WHAT YOU WILL DO: Every record below must be written out exactly. Leave out the pictures.

INPUT MATERIAL:
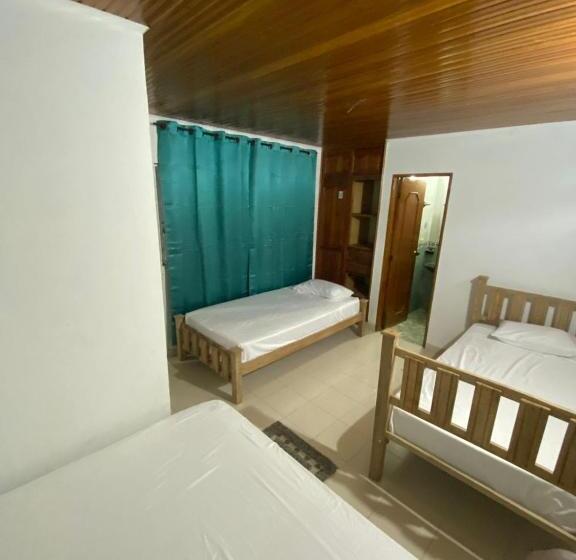 ベッドアンドブレックファースト Aurelia Compartida Hospedaje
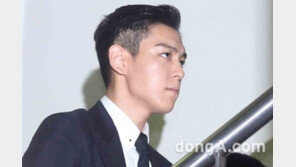 탑, 징역 10개월 구형…520일 남은 軍 복무는 어떻게?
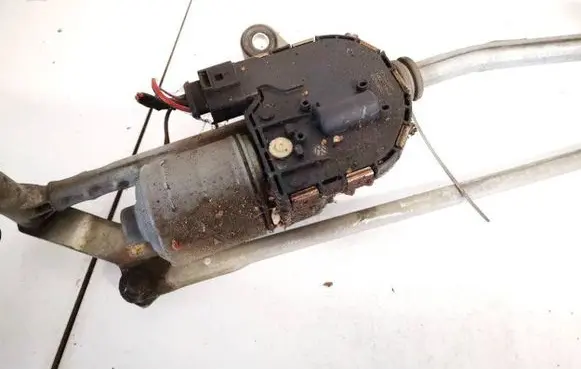 Volkswagen PASSAT B6 Wiper motor 3c1955119 0390241791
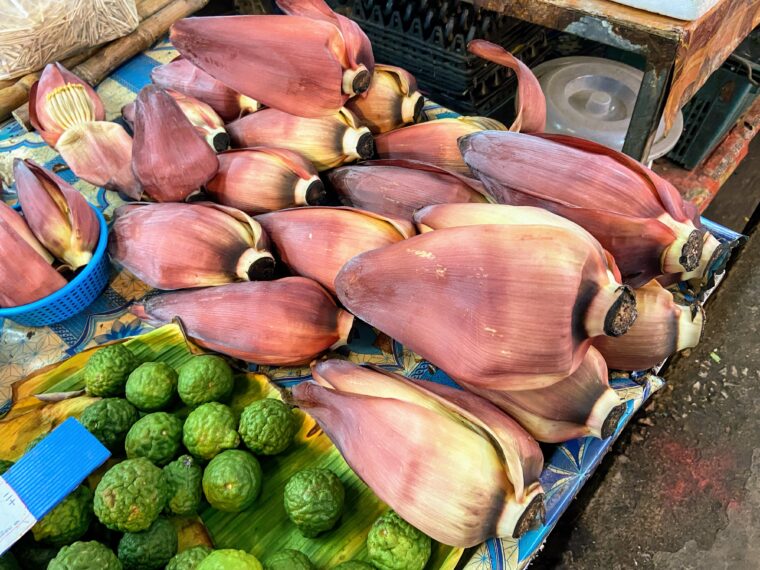 タイ食材【市場のフアプリー】バナナの蕾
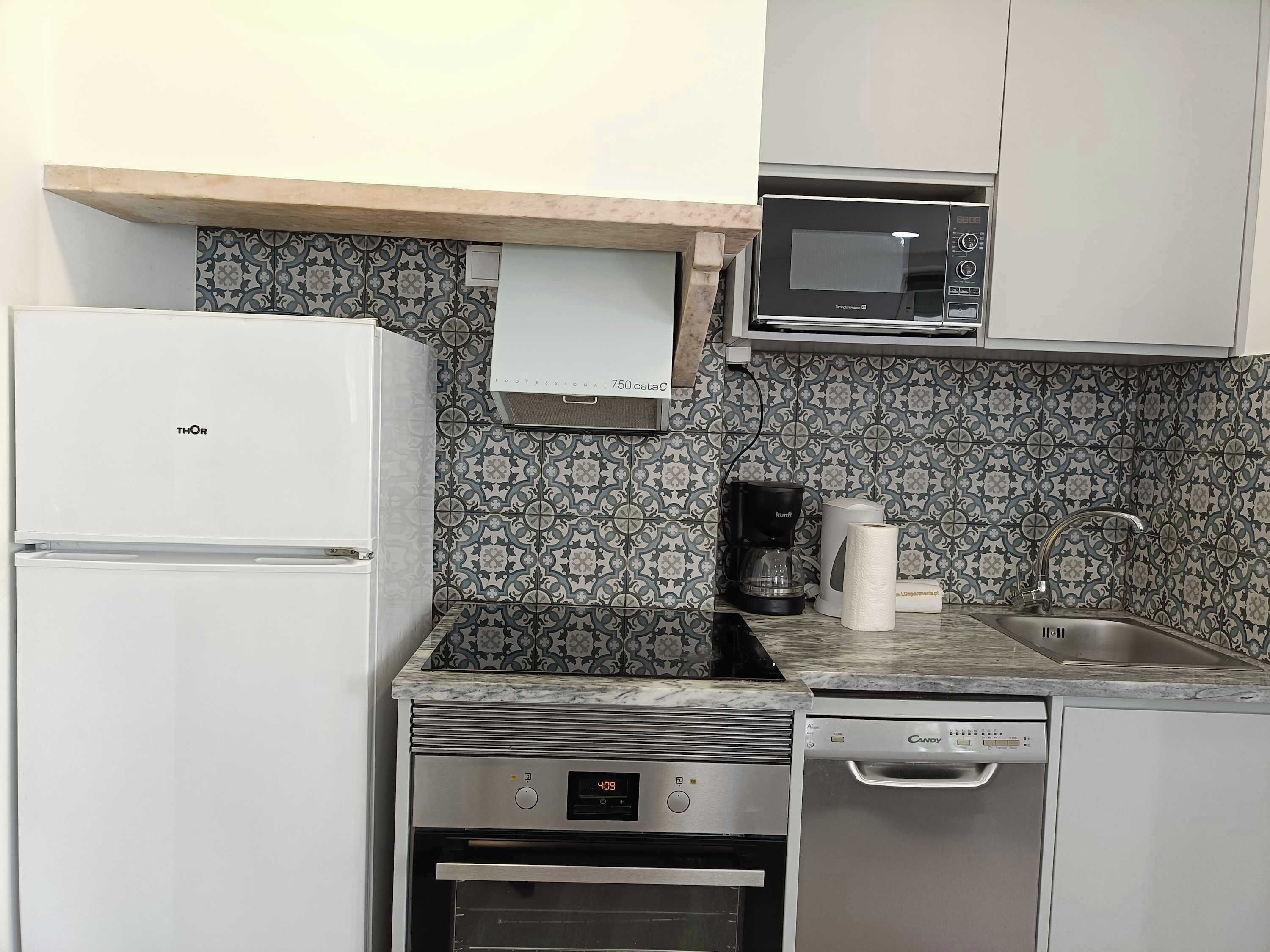 Kylskåp, mikrovågsugn, ugn och spishäll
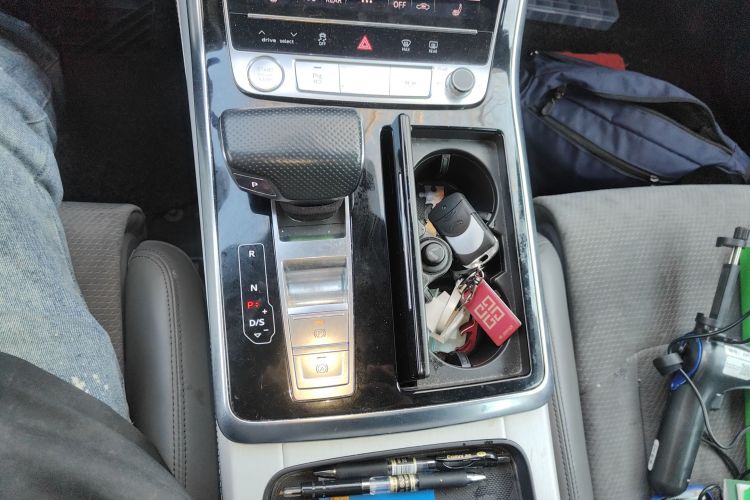 奥迪Q8 2019款 55 TFSI 臻选动感型局部细节18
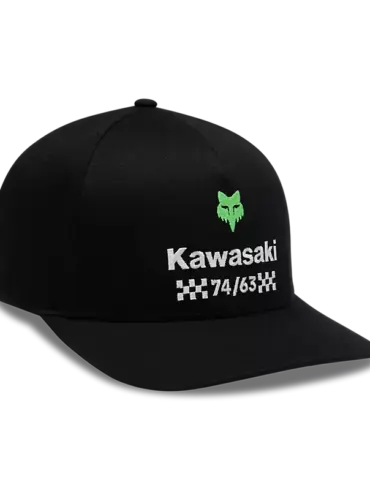 Schwarzes Kawasaki Flexfit Cap mit grünem Fuchs-Logo, gesticktem Marken-Schriftzug und karierten Details auf der Vorderseite.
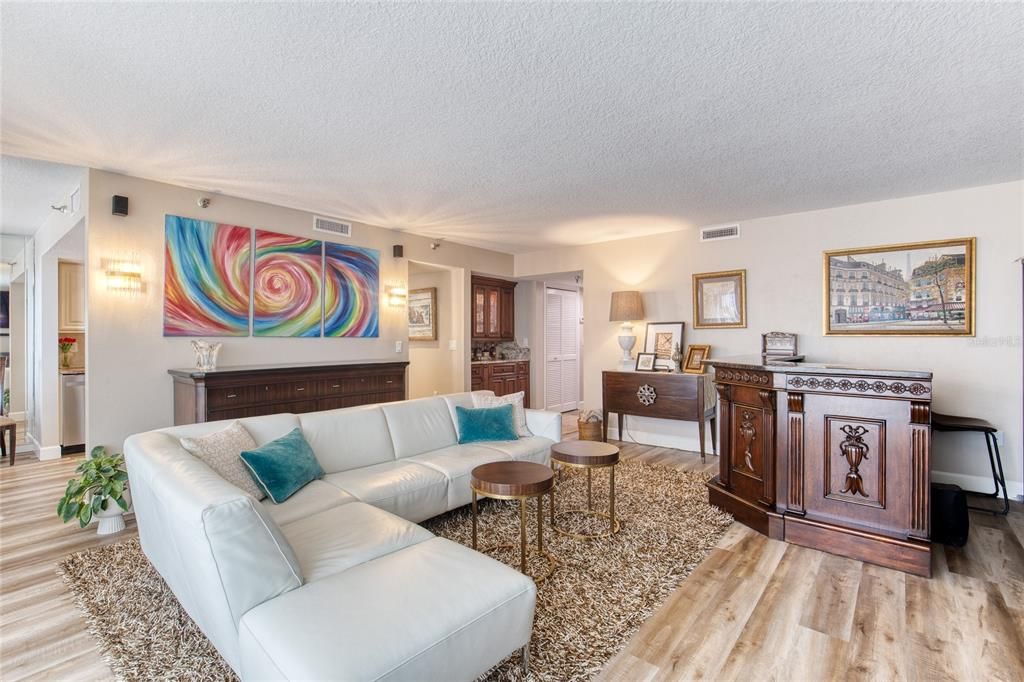 For Sale: $465,000 (2 beds, 2 baths, 1699 Square Feet)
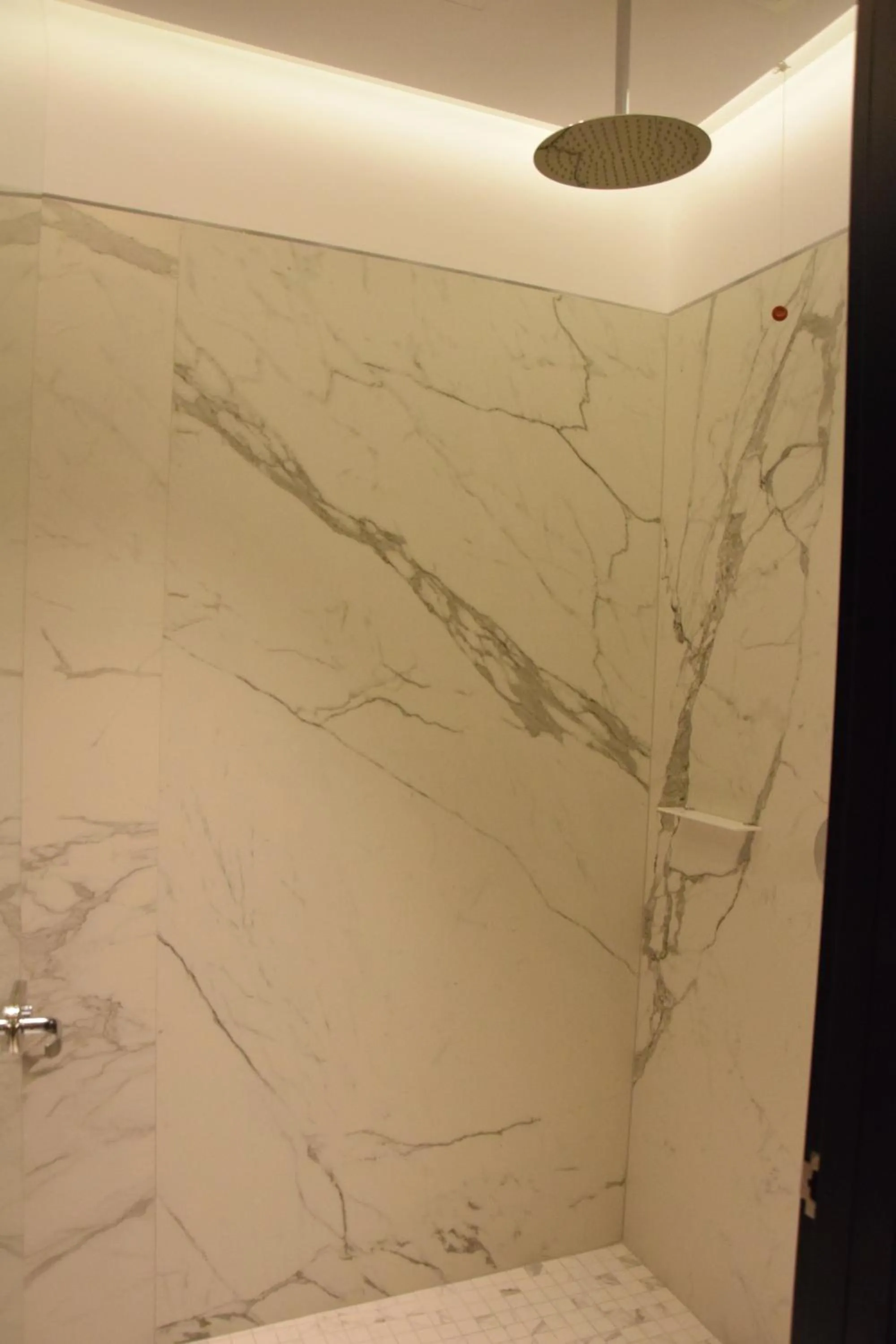 Shower in Hotel Unik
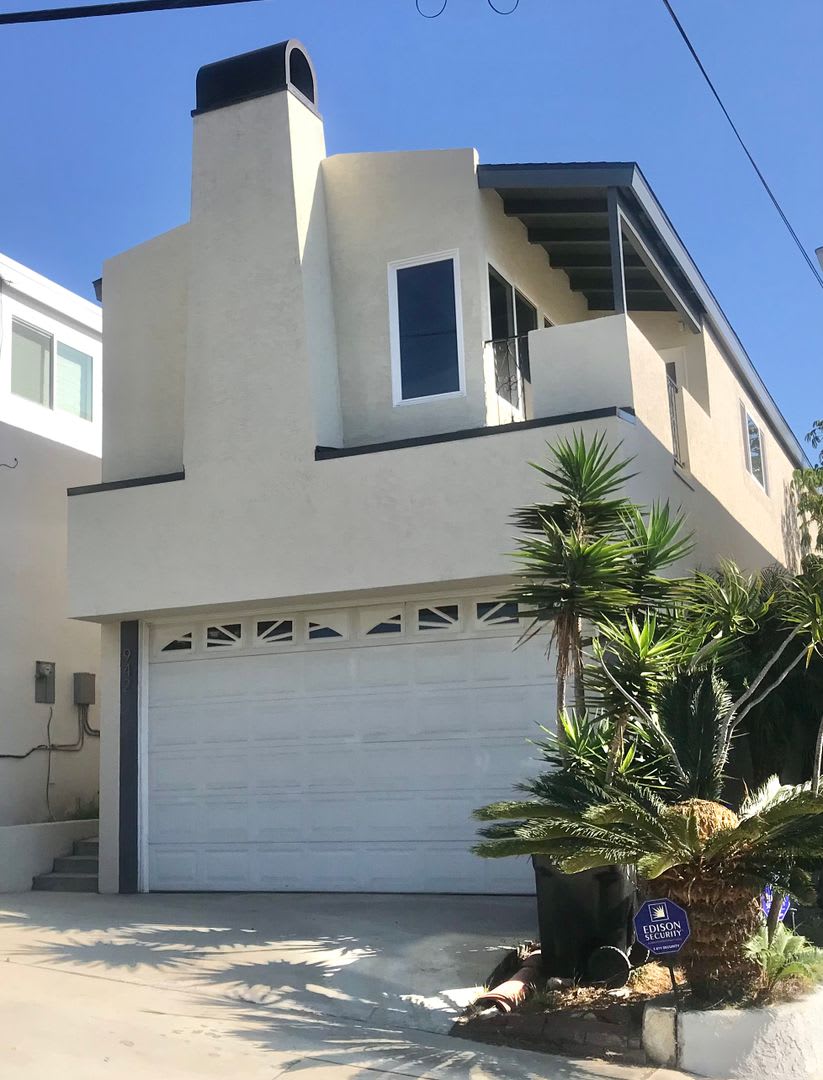 Beautiful 3 Beds 2 Baths Townhome in Hermosa Beach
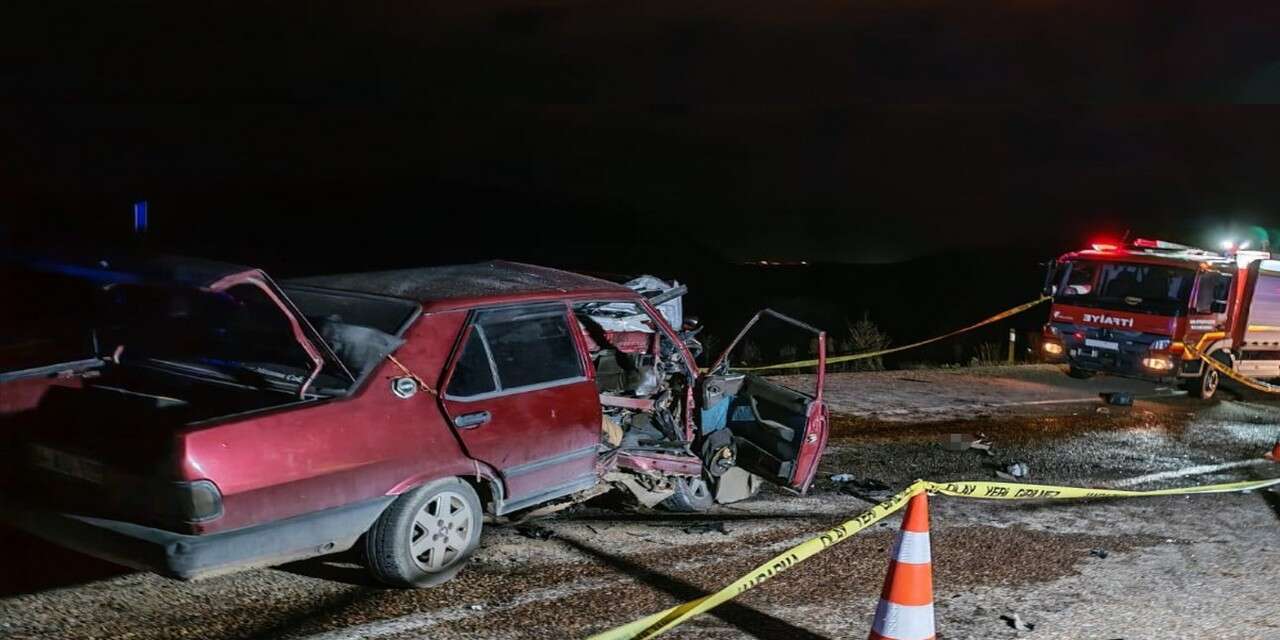 Kazada  aynı aileden 3 kişi hayatını kaybetti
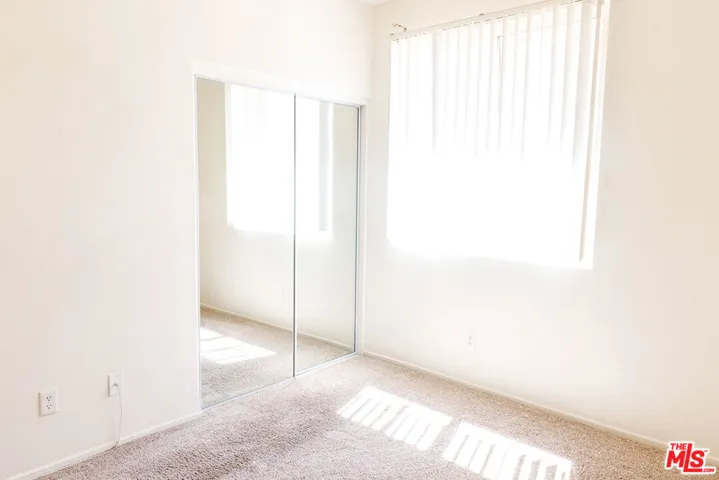 1852 Sunshine, Palmdale, California 93551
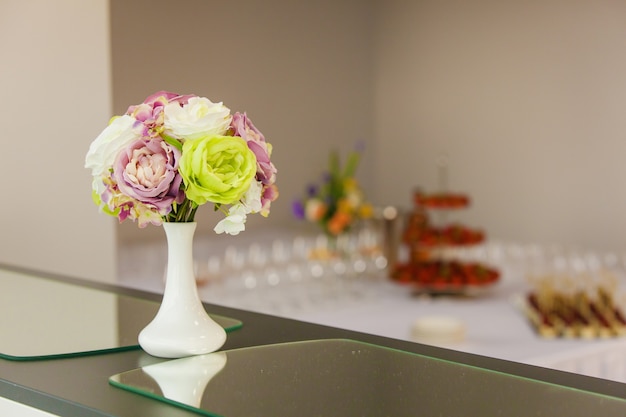 Flores no vaso sobre a mesa, decoração para o evento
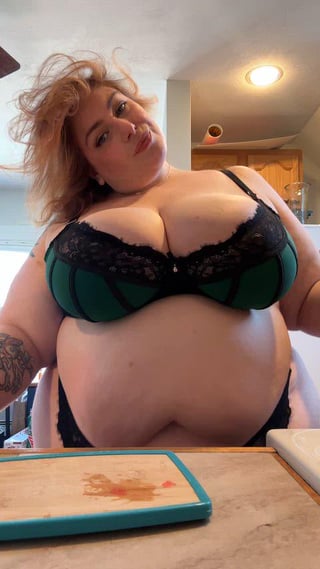 Im making you a snack to enjoy with your lunch (it’s me, I’m the snack)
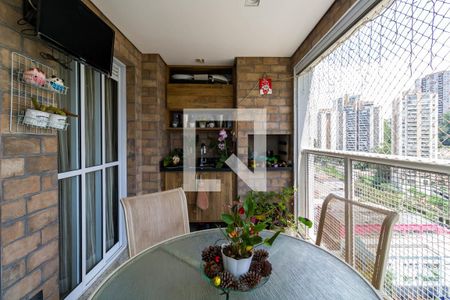 Sacada de apartamento à venda com 3 quartos, 106m² em Vila Andrade, São Paulo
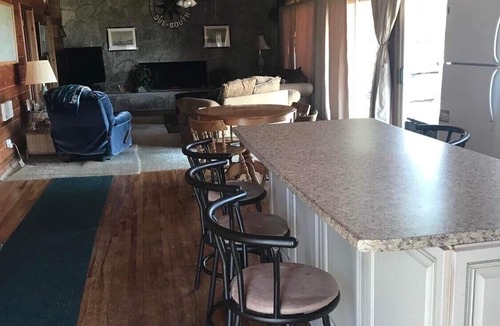 Kingsville Cottage | Due South - Lakefront cedar cottage w/firepit, deck, WIFI (Pet-Friendly!)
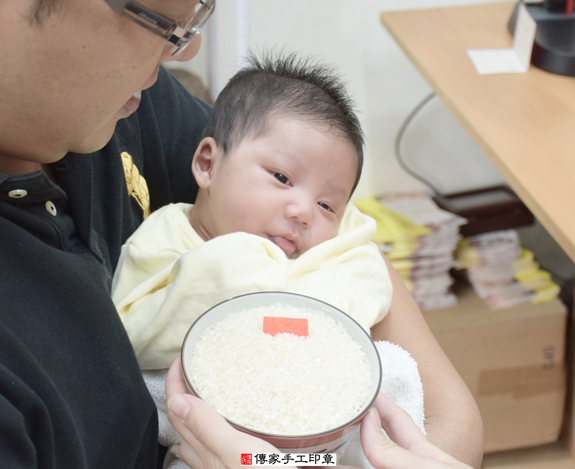 柳寶寶(新北永和區嬰兒寶寶滿月剃頭理髮、免費嬰兒剃胎毛儀式吉祥話)。中國風會場，爸媽寶貝免費穿「日中韓」古裝禮服。專業拍照、DVD光碟、證書。★購買「臍帶章、肚臍章、胎毛筆刷印章」贈送：剃頭、收涎、抓周，三選一。 2015.11.29 照片5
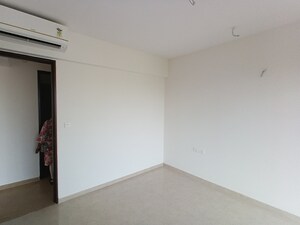 Room in 3 BHK Apartment at Embassy One Thane, Panch Pakhadi – for Rent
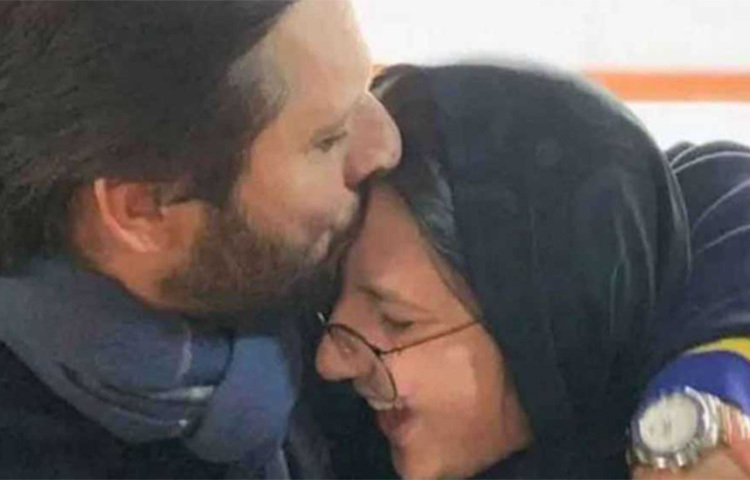 শাহিনের সঙ্গে মেয়ে আকসার বিয়ের কথা জানিয়েছিলেন শহিদ আফ্রিদি নিজেই। জানিয়েছিলেন তার পরিবারের সঙ্গে শাহিনের কোনো রক্তের সম্পর্ক নেই। তবে অনেকে মনে করছেন শাহিন তার আত্মীয়। ছবি: সংগৃহীত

ANSWER TO THE PROBLEM:
 ベッドアンドブレックファースト Aurelia Compartida Hospedaje
 탑, 징역 10개월 구형…520일 남은 軍 복무는 어떻게?
 Volkswagen PASSAT B6 Wiper motor 3c1955119 0390241791
 タイ食材【市場のフアプリー】バナナの蕾
 Kylskåp, mikrovågsugn, ugn och spishäll
 奥迪Q8 2019款 55 TFSI 臻选动感型局部细节18
 Schwarzes Kawasaki Flexfit Cap mit grünem Fuchs-Logo, gesticktem Marken-Schriftzug und karierten Details auf der Vorderseite.
 For Sale: $465,000 (2 beds, 2 baths, 1699 Square Feet)
 Shower in Hotel Unik
 Beautiful 3 Beds 2 Baths Townhome in Hermosa Beach
 Kazada  aynı aileden 3 kişi hayatını kaybetti
 1852 Sunshine, Palmdale, California 93551
 Flores no vaso sobre a mesa, decoração para o evento
 Im making you a snack to enjoy with your lunch (it’s me, I’m the snack)
 Sacada de apartamento à venda com 3 quartos, 106m² em Vila Andrade, São Paulo
 Kingsville Cottage | Due South - Lakefront cedar cottage w/firepit, deck, WIFI (Pet-Friendly!)
 柳寶寶(新北永和區嬰兒寶寶滿月剃頭理髮、免費嬰兒剃胎毛儀式吉祥話)。中國風會場，爸媽寶貝免費穿「日中韓」古裝禮服。專業拍照、DVD光碟、證書。★購買「臍帶章、肚臍章、胎毛筆刷印章」贈送：剃頭、收涎、抓周，三選一。 2015.11.29 照片5
 Room in 3 BHK Apartment at Embassy One Thane, Panch Pakhadi – for Rent
 শাহিনের সঙ্গে মেয়ে আকসার বিয়ের কথা জানিয়েছিলেন শহিদ আফ্রিদি নিজেই। জানিয়েছিলেন তার পরিবারের সঙ্গে শাহিনের কোনো রক্তের সম্পর্ক নেই। তবে অনেকে মনে করছেন শাহিন তার আত্মীয়। ছবি: সংগৃহীত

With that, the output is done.